** Opening SUPPLIED MATERIAL block **
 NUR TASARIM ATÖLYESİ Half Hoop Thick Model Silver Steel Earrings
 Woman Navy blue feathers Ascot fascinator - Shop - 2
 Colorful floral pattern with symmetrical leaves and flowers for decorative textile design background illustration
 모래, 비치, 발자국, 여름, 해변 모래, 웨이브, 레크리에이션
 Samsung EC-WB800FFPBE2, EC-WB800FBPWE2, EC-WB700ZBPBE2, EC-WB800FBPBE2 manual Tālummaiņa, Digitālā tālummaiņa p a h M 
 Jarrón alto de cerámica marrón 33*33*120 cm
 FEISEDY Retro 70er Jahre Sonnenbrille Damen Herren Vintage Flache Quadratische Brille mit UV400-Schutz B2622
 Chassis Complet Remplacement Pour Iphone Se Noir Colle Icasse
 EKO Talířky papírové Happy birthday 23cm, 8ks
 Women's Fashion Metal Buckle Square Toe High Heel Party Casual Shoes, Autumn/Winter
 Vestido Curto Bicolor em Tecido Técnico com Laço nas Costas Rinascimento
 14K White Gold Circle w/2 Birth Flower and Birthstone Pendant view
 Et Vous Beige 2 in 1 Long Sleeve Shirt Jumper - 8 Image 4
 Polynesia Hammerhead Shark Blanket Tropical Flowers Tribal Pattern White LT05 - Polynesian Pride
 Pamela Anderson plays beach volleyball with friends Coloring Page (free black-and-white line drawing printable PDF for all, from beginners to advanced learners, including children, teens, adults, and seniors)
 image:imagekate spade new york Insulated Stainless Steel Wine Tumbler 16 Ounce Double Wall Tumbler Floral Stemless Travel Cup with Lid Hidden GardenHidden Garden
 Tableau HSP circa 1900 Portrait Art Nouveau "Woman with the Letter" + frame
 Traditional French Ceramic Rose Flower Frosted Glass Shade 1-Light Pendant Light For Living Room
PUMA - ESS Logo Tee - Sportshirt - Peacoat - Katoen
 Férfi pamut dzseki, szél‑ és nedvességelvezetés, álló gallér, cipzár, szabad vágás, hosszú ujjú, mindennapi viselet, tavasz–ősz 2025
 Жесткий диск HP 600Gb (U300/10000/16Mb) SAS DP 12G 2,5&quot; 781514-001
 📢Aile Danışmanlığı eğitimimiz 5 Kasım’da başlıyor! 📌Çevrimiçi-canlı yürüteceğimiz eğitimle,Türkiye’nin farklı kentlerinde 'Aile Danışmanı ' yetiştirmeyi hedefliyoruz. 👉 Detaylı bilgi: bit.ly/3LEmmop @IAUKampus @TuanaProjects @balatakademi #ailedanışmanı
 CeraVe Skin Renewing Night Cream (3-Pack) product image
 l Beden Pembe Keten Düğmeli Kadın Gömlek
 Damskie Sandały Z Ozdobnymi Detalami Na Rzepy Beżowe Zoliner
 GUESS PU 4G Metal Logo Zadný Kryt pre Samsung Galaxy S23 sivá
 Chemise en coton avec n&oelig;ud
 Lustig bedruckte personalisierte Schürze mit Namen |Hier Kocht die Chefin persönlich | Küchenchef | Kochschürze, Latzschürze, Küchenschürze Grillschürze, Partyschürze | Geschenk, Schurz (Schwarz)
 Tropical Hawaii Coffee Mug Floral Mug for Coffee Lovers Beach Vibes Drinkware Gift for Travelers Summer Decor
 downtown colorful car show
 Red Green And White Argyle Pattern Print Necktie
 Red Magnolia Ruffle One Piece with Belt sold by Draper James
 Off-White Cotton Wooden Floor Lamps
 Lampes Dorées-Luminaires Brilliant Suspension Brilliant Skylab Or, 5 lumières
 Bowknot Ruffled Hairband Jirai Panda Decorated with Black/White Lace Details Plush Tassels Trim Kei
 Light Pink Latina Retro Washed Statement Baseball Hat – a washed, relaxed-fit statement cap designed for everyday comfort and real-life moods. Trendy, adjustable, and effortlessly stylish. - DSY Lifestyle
** Closing SUPPLIED MATERIAL block **
ABOUT THIS TASK: Each line holding the word "Samsung" must be copied from the data.

SOLUTION TO THIS EXERCISE:
 Samsung EC-WB800FFPBE2, EC-WB800FBPWE2, EC-WB700ZBPBE2, EC-WB800FBPBE2 manual Tālummaiņa, Digitālā tālummaiņa p a h M 
 GUESS PU 4G Metal Logo Zadný Kryt pre Samsung Galaxy S23 sivá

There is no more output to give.